───── Dataset excerpts

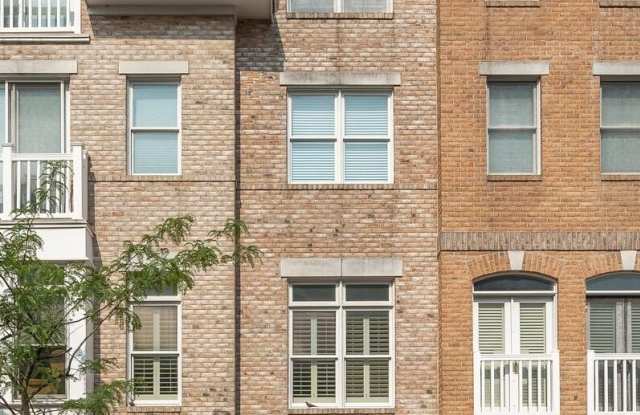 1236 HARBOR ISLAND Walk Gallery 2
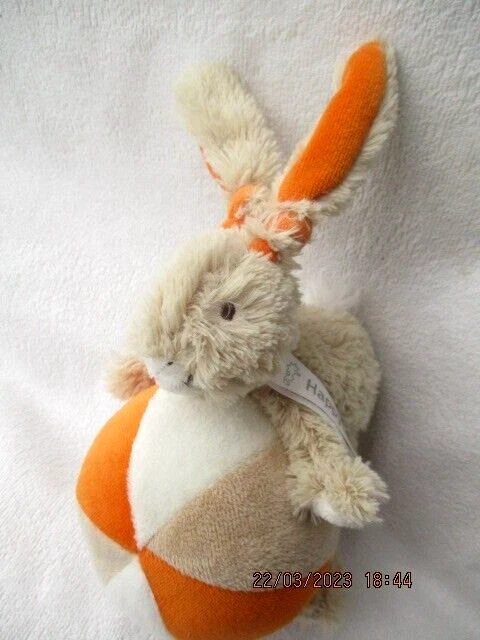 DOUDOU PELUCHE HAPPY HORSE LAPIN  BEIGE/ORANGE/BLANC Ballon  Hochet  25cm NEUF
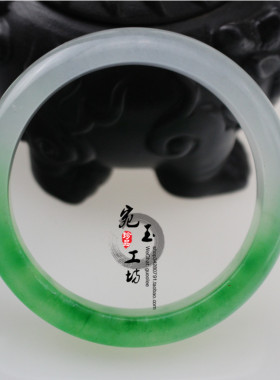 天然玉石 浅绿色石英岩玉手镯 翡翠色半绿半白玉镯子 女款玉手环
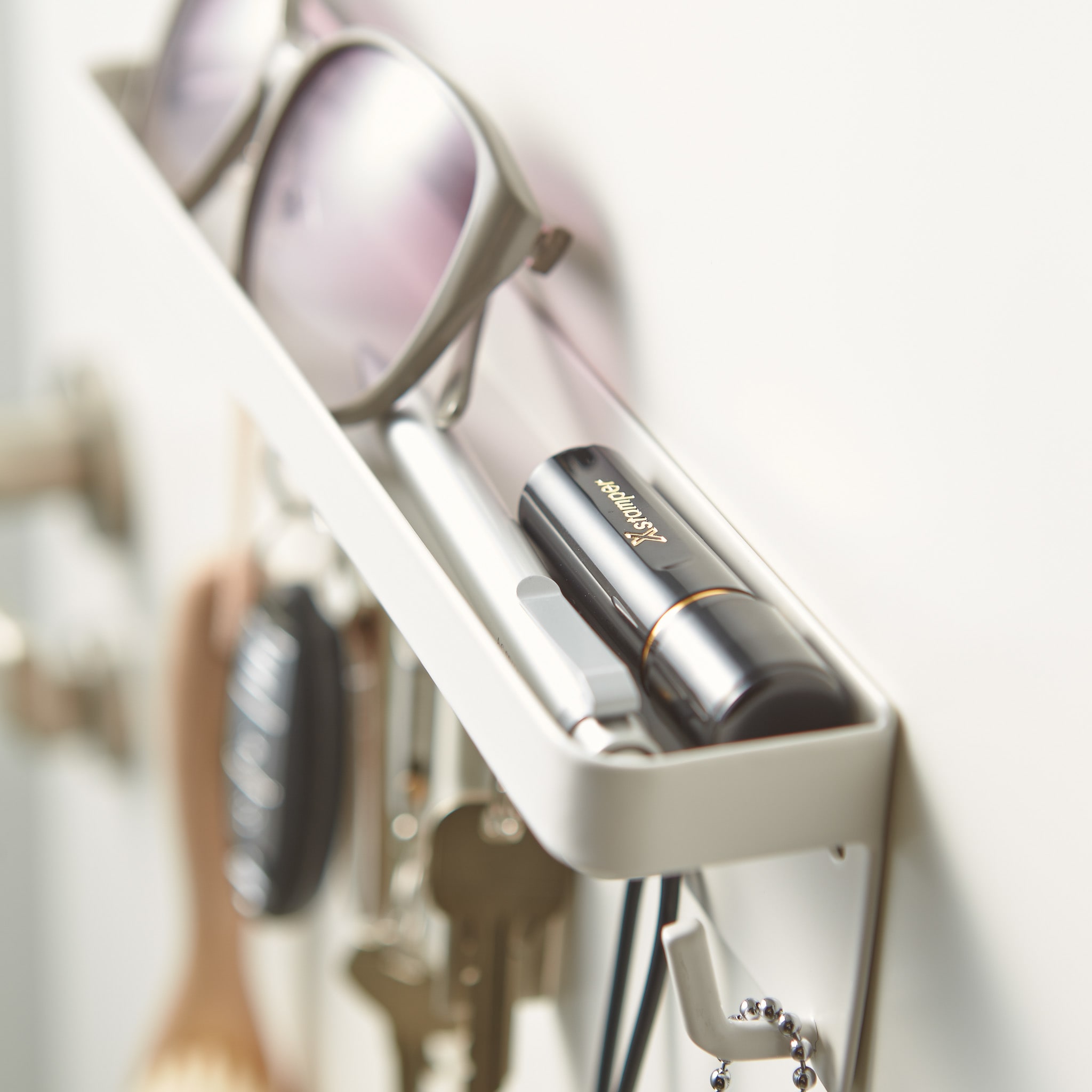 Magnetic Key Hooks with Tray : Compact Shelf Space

──────────
───── Dataset excerpts

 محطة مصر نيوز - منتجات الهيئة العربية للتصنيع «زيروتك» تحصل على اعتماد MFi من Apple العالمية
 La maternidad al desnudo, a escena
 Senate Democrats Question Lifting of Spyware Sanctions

──────────

→ Exercise description: Only one stretch of the entries above is wanted: the lines from the one containing "La maternidad al desnudo, a escena" through the one containing "Senate Democrats Question". Please reproduce it exactly.

→ Written reply:
 La maternidad al desnudo, a escena
 Senate Democrats Question Lifting of Spyware Sanctions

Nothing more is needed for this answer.